What you need to do: Reproduce word for word, from the entries below, the line with "A baby wearing", the line with "Letto o letti", and every line between them, and nothing more.

··········

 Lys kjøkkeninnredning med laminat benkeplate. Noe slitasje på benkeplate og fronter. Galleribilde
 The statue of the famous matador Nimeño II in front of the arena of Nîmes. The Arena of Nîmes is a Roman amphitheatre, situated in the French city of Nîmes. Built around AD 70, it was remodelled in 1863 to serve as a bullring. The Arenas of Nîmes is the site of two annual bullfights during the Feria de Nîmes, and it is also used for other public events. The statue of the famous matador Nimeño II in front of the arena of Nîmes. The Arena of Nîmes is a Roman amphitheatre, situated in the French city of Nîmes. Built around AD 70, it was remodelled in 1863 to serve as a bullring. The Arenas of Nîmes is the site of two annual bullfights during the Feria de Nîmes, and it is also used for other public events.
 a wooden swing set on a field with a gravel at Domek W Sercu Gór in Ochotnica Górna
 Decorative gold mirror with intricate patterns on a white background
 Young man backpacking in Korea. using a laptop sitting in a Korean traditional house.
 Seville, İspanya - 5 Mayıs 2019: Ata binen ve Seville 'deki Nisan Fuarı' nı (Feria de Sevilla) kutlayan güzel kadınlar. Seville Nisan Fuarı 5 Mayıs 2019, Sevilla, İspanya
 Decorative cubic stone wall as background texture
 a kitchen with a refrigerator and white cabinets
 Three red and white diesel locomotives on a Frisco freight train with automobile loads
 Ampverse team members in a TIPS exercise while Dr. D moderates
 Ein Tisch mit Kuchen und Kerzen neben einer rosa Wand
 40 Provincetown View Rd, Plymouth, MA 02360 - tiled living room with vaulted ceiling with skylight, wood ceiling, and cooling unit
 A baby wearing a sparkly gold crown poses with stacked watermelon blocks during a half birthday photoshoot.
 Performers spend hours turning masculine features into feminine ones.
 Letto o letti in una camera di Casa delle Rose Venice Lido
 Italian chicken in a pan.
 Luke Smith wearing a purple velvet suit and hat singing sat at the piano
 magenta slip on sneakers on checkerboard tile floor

··········

Exercise answer:
 A baby wearing a sparkly gold crown poses with stacked watermelon blocks during a half birthday photoshoot.
 Performers spend hours turning masculine features into feminine ones.
 Letto o letti in una camera di Casa delle Rose Venice Lido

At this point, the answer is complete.